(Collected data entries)
++++++++
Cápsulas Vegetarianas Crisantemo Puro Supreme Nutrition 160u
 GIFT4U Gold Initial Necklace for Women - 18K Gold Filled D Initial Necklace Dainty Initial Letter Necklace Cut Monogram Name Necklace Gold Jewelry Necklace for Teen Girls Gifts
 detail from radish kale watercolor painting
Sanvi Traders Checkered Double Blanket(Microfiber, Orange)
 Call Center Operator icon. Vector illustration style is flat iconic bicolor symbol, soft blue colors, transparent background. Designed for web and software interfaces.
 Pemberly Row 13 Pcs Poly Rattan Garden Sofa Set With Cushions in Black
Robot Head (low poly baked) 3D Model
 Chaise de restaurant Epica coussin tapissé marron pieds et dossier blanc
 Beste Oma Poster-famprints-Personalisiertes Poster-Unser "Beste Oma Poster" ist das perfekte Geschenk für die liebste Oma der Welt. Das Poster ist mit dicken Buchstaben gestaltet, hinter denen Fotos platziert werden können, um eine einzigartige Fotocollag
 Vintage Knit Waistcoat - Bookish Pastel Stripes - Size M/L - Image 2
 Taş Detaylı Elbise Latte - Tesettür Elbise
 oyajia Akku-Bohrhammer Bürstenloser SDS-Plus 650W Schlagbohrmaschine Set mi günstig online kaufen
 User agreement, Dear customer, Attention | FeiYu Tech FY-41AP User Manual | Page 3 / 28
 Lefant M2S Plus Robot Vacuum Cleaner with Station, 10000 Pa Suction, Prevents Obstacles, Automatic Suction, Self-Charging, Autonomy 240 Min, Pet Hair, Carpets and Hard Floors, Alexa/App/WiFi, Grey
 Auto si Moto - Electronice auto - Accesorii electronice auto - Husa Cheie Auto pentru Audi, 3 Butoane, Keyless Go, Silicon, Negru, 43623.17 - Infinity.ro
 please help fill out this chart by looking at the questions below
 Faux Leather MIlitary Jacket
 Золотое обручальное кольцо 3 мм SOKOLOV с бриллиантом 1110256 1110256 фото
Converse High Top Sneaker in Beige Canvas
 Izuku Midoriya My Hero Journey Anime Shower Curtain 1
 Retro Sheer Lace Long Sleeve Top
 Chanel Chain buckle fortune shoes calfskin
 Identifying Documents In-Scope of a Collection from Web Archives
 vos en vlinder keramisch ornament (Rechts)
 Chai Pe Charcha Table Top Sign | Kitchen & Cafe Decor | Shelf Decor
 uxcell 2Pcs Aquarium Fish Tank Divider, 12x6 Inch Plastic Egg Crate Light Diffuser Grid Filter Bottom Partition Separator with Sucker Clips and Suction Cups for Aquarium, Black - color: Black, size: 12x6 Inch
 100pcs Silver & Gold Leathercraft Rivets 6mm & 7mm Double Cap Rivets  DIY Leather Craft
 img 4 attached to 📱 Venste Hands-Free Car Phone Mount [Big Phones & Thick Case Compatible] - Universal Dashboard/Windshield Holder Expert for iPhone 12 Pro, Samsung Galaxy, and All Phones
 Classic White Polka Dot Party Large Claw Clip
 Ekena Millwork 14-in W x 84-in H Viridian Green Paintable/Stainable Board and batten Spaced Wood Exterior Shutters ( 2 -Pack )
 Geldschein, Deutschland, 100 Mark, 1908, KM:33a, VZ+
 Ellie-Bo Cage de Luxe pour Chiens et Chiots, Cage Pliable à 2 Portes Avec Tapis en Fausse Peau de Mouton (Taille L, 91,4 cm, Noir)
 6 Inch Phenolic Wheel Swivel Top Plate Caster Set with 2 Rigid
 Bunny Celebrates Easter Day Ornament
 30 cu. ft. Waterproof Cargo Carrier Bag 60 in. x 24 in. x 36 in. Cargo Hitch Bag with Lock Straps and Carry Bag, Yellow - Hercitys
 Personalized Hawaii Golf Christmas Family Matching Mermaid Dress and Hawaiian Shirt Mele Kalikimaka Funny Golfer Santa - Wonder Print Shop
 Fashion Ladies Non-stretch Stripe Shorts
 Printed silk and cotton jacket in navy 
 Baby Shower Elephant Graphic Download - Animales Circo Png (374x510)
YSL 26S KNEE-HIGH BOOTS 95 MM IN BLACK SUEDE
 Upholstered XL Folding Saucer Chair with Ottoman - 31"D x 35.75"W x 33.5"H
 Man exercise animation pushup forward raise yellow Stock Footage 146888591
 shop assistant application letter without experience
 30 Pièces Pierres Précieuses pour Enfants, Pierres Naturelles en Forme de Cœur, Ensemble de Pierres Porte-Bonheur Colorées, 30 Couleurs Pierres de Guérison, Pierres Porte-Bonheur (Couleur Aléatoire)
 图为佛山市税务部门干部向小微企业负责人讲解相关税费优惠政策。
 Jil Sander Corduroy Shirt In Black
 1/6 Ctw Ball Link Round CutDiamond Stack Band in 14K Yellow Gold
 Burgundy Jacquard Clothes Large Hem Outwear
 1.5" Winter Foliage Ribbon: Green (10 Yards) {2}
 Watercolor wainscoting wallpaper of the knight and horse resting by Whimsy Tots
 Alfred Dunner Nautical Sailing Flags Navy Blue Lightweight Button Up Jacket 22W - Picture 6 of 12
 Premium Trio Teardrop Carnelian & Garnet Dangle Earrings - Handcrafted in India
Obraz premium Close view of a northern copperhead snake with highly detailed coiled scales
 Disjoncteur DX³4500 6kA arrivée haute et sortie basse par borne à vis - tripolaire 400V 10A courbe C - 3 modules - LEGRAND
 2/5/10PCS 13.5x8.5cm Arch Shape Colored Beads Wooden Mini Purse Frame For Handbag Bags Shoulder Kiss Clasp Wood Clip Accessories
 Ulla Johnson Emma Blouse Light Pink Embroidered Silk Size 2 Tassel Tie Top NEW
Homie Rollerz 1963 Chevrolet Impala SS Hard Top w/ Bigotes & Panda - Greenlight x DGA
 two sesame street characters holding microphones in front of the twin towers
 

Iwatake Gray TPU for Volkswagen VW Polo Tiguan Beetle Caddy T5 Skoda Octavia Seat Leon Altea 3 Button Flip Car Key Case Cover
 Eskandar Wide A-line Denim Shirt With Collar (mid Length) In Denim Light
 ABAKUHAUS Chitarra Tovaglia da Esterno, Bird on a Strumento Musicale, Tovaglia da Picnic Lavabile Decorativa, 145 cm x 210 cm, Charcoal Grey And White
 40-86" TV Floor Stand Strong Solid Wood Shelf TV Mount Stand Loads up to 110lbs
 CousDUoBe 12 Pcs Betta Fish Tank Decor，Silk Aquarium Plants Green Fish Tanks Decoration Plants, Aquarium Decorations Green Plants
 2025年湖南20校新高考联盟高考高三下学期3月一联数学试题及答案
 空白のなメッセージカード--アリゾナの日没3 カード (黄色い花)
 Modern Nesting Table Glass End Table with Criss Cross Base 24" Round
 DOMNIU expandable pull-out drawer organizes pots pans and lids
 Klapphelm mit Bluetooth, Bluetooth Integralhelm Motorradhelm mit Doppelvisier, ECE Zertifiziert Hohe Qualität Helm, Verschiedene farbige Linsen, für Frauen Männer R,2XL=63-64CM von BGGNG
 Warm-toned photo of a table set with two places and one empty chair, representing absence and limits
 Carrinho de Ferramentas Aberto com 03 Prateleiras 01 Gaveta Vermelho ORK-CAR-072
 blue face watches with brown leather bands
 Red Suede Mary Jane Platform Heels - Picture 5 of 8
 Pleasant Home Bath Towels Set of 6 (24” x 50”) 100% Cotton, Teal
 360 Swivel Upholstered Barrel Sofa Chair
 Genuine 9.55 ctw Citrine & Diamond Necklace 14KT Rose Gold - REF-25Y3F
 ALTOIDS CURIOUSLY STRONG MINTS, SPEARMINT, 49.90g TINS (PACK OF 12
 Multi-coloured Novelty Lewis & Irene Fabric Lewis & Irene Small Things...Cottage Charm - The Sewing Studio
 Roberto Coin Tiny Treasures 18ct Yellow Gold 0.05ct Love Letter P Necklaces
++++++++
### WHAT NEEDS TO BE DONE
From the very first line of the records down to the line with "Sanvi Traders Checkered", please write out each line exactly, including both ends and no other lines.

### ANSWER AREA
Cápsulas Vegetarianas Crisantemo Puro Supreme Nutrition 160u
 GIFT4U Gold Initial Necklace for Women - 18K Gold Filled D Initial Necklace Dainty Initial Letter Necklace Cut Monogram Name Necklace Gold Jewelry Necklace for Teen Girls Gifts
 detail from radish kale watercolor painting
Sanvi Traders Checkered Double Blanket(Microfiber, Orange)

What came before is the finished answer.